Fire contract faces obstacles

May 3, 2006 – Officials from Mt. Juliet to Watertown are still unsure what to make of the agreement produced last week by the Ad Hoc Fire Study Committee. But numerous officials agree on one point: a barrage of political obstacles stand in the way of the new pact winning approval from the Cou...
May 10, 2006

 

May 3, 2006 – Officials from Mt. Juliet to Watertown are still unsure what to make of the agreement produced last week by the Ad Hoc Fire Study Committee. But numerous officials agree on one point: a barrage of political obstacles stand in the way of the new pact winning approval from the County Commission.
In fact, several officials have speculated that based on the immediate reaction to the agreement – which allows Mt. Juliet to continue receiving county fire service for the next five years – it may not even get as far as the County Commission before being sent back to the drawing board.
The first body to formally consider the agreement is the Mt. Juliet City Commission. Last week, all four city commissioners surprised many Mt. Juliet representatives by questioning the terms of the deal and manner in which it was reached.
The Mt. Juliet Commission is scheduled to meet Monday.
Mt. Juliet commissioners said they would withhold final judgment on the agreement until they have a chance to scrutinize it further.
Sources who have closely tracked the study committee's agreement say the outcome of the Mt.

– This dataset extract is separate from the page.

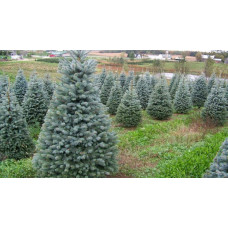 Ялина колюча Блю Даймонд | Picea pungens Blue Diamant | Ель колючая Блю Даймонд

Juliet Commission meeting could very well set the stage for how the county approaches the agreement.
County Mayor Robert Dedman said county commissioners were sure to have a great deal of questions about the agreement between now and their next meeting, which is Monday, May 15.
"I think there are some questions about it," Dedman said. "They're going to want to see the resolution, but as soon as it goes out in a package they'll have some questions on it."
Dedman, who has stated publicly he wants Mt. Juliet to provide its own fire service eventually, also said he is not certain the agreement will be received favorably by the full Commission.
"I'm not sure the county commissioners are going to go for it or not," Dedman said. "And where this $25,000 came from I don't know."
Further complicating matters is a proposal from Lebanon Mayor Don Fox asking the county to give his city the same fire deal as Mt. Juliet.
Dedman said he understood where Lebanon was coming from in bringing the resolution before its City Council.
"I can see their point," Dedman said. "They've probably got the same right to ask for it, if Mt. Juliet asked for it."
But Dedman also wondered if the move could be seen as a show of support for a Metropolitan form of government, an idea once again batted around by county and city officials.
"But on the other hand, is that the first step toward trying to bring in Metropolitan government?" Dedman asked. "Mayor Fox has indicated that we ought to look into it. Is this a step that way, or does he just want to throw a fee (for fire service) out there?"
Dedman said the outcome of Lebanon's proposal is likely to have a direct result on how the County Commission votes on the agreement.
Meanwhile, one municipality that has been forced to sit back and wait is Watertown, which has a volunteer fire department that services the town as well as unincorporated areas in East Wilson County.
Watertown Mayor Mike Jennings said the city's long-term emphasis is still on creating a joint county-city emergency management building.
"About a year or so ago, we started working with the county to come up with a joint city-county emergency services building in Watertown," Jennings said. "We are still very much interested in doing that."
But, like Lebanon, Jennings said the agreement Mt. Juliet just secured on a preliminary basis has piqued his interest.
Noting Watertown's current fire setup serves its residents well, Jennings said "if the county and the other municipalities choose to go this route, where the county provides services and the city pays so much money, then of course we'd be interested in pursing that as well."
For the time being, Watertown is at the mercy of greater forces, namely the county and larger Wilson County cities.
"We're standing back awaiting to see what comes out of all this," Jennings said. "But our focus right now is continuing to pursue this joint building that the city would provide the space for … where we can house all the fire equipment we have, house the county's ambulance and all where the vehicles can be maintained.
"Now, if everything else shifts to something like Mt. Juliet and Lebanon are proposing, we may shift our focus as well," he said.